--- COLLECTED MATERIAL ---
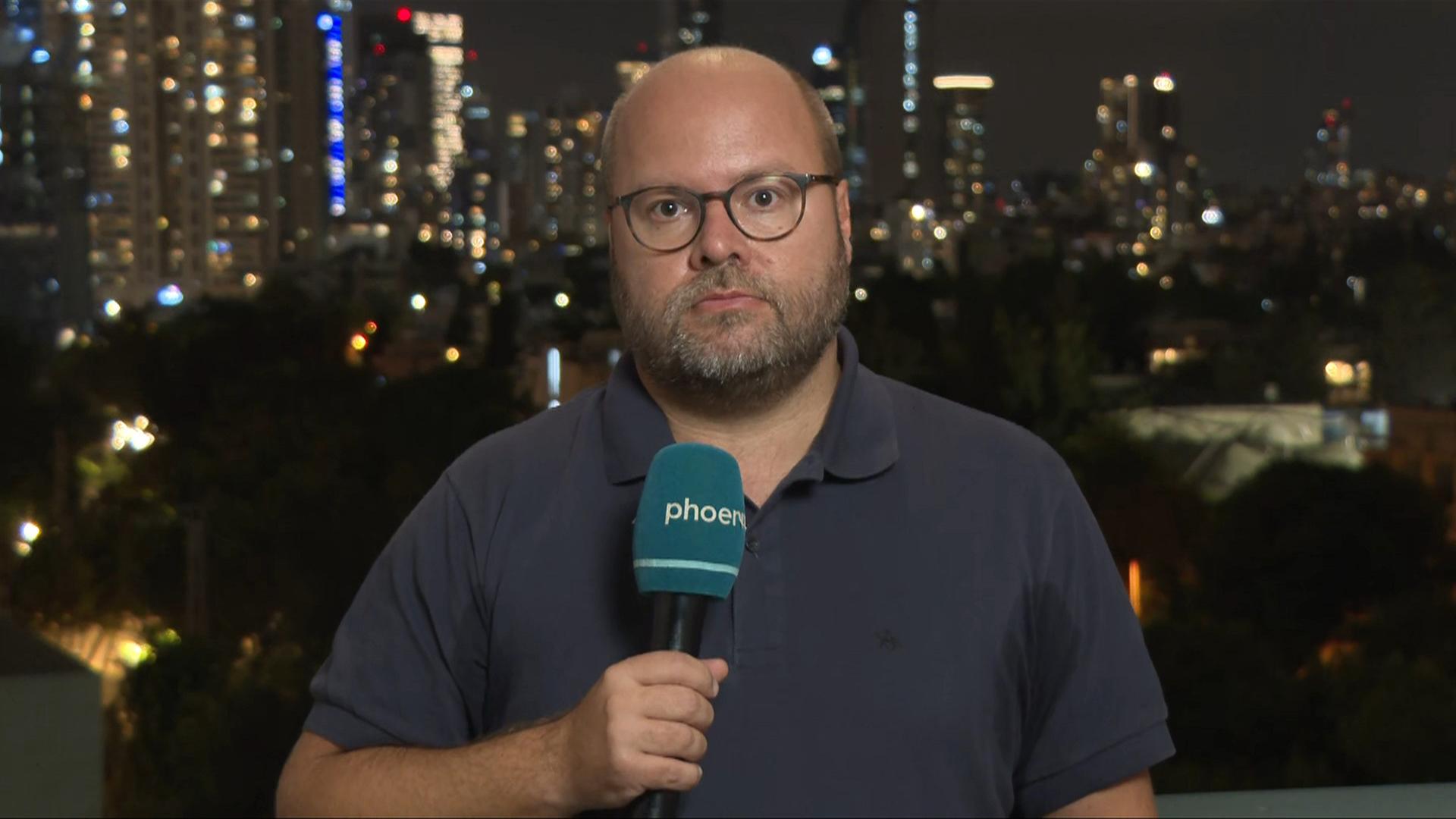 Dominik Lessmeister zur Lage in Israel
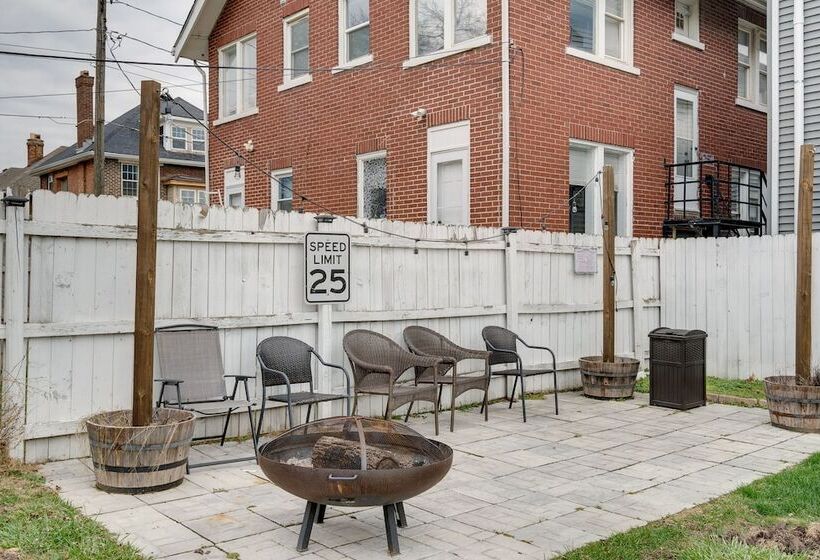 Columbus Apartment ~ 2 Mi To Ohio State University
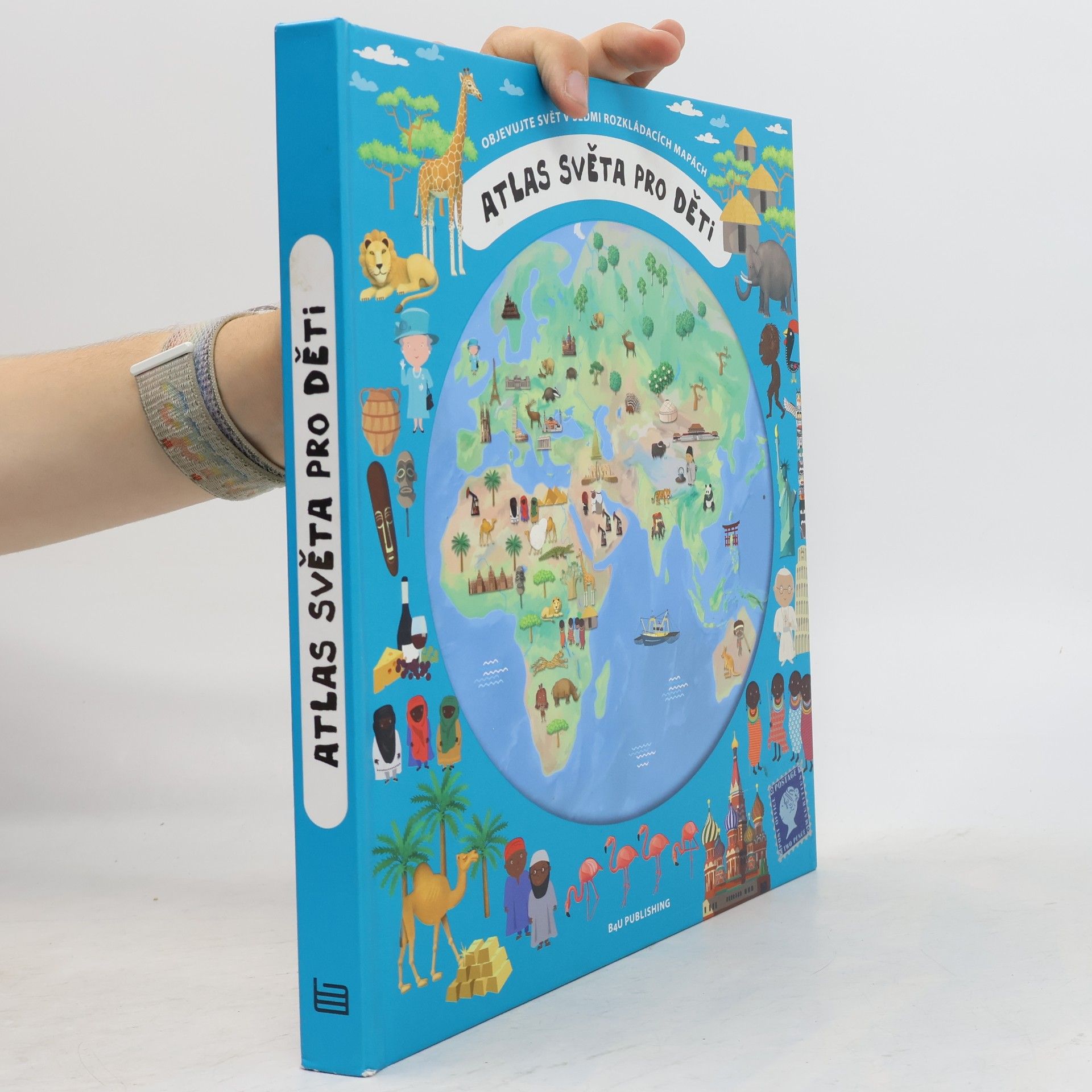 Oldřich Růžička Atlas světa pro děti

--- YOUR OBJECTIVE ---
Working from the line with "Columbus Apartment ~" to the last line of the material above, repeat each line exactly and leave out the pictures.

--- RESULT FOR THIS EXERCISE ---
 Columbus Apartment ~ 2 Mi To Ohio State University
 Oldřich Růžička Atlas světa pro děti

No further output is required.